The new museum will open at 10 a.m. July 3. It's about the same size as the old one, but the space has been gutted and reconfigured. The gift shop is larger, and sandwiches now can be purchased at an Arch Cafe.
The entire underground complex covers 150,000 square feet, which includes a new 46,000-square-foot addition that will serve as a visitor center with a reflecting pool at the entrance, a wall of windows facing downtown St. Louis, bathrooms, event spaces and a classroom.
"The (Arch) legs will become exits only," said communications specialist Jenna Todoroff. "The entrance will be where people go through security and buy their tram tickets."

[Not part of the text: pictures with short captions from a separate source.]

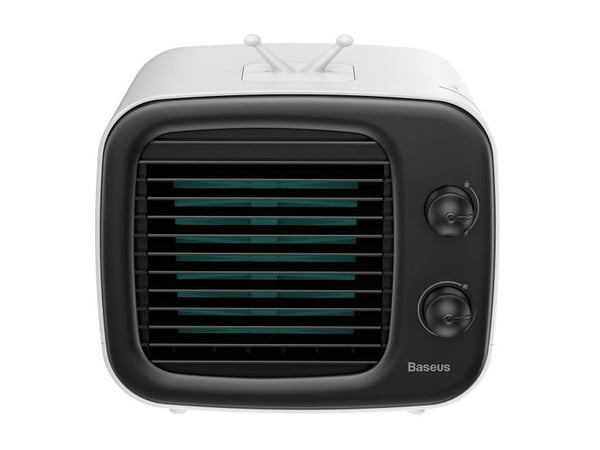 Baseus CXTM-21, Bærbar, Svart, Hvit, Rotasjon, 0,32 l, USB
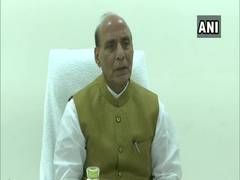 
      
      Rajnath Singh to arrive in Lucknow today to review...
      
      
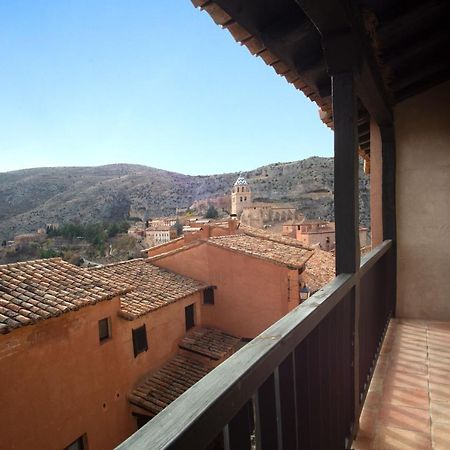 Apartamento Subida Las Torres Albarracín Εξωτερικό φωτογραφία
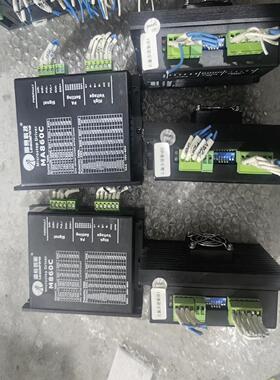 （设备配件）雷赛步进驱动器，MA860C M860C 质量保证漂亮9成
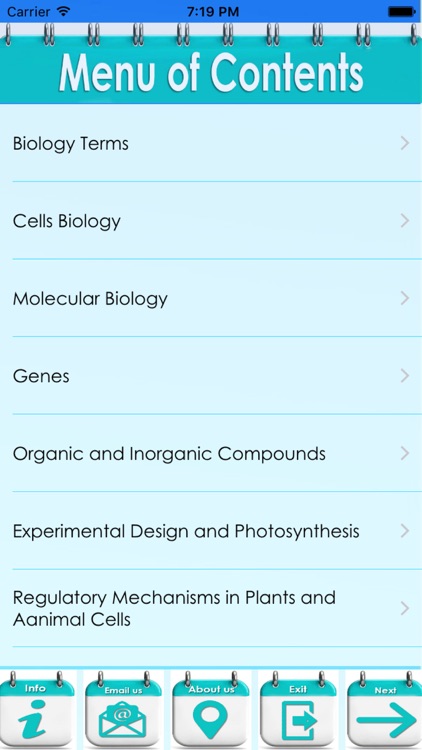 Fundamentals of Biology: 2000 Terms, Concepts & Practical Quizzes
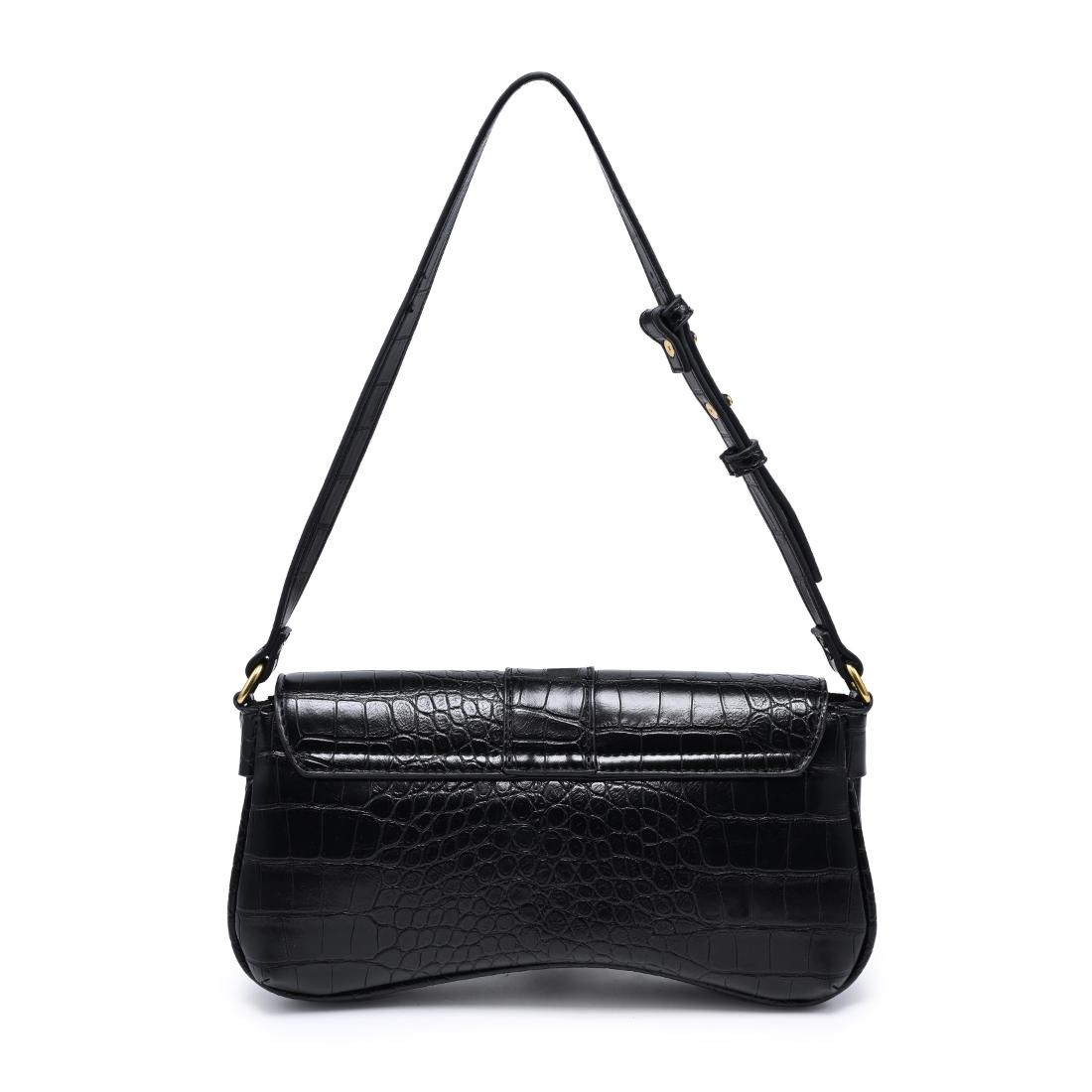 Urban Expressions Marsilee Shoulder Bag 840504212246 View 7 | Black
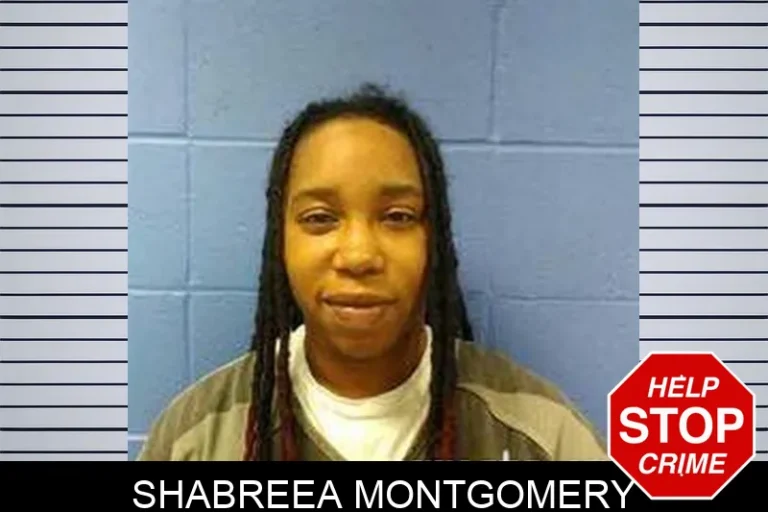 SHABREEA MONTGOMERY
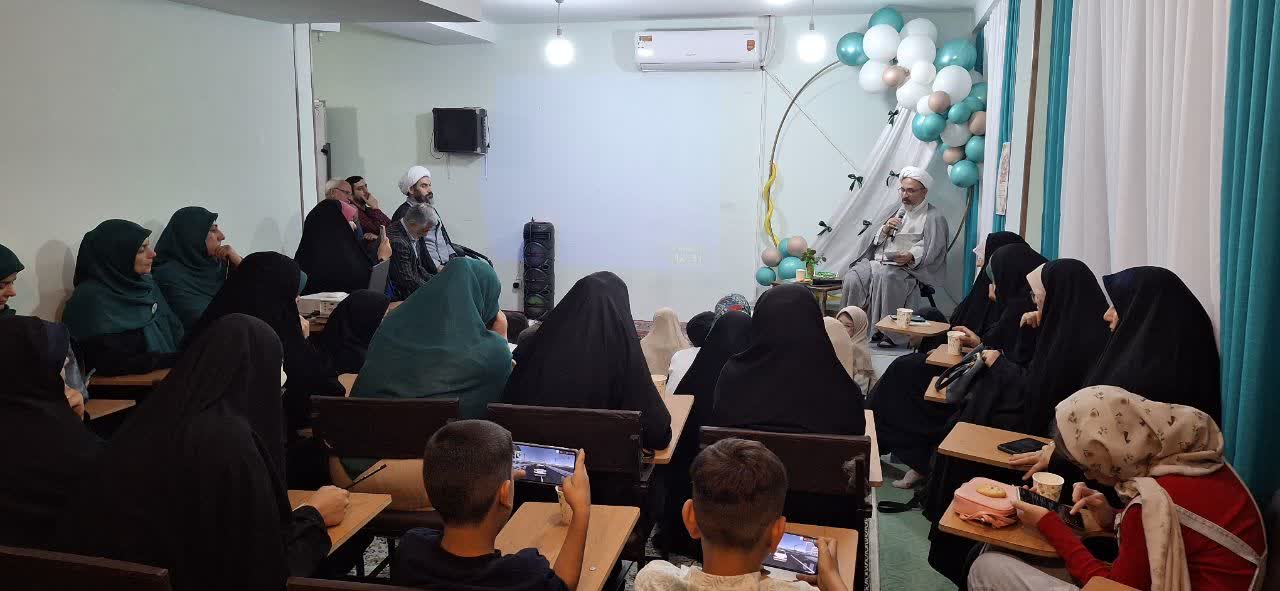 جشن میلاد امام عسکری در بنیاد البرز برگزار شد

Admission to the museum and visitor center is free. Here are 10 other reasons you might want to visit:
1. You can get varied perspectives on Manifest Destiny. The old museum told the story of President Thomas Jefferson's vision and how the United States expanded westward in the 1800s, but it was mainly from the viewpoint of white men. The new museum also looks at the period through the eyes of women, Native Americans, Mexicans, African-Americans and others.
2. You can learn what happened before Lewis and Clark arrived. One of the museum's six galleries covers the Colonial era from the founding of St. Louis in 1764 to the beginning of Lewis and Clark's expedition in 1804. That slice of history wasn't part of the old museum. The gallery has a life-size model of a French-style, vertical-log house.
3. You can witness a modern engineering marvel. Another gallery focuses on construction of the Gateway Arch, a 630-foot-tall, stainless-steel monument completed in 1965. Displays include architect Eero Saarinen's giant model and smaller models of the other four finalists in the design contest that Saarinen won. This subject was largely overlooked in the old museum.
4. You can view artifacts on display for the first time. The most dramatic is a facade of the Old Rock House, an 1818 rubble-stone building that was disassembled and stored when the city of St. Louis demolished hundreds of structures along the Mississippi riverfront to make way for the park. It even has original window frames and shutters.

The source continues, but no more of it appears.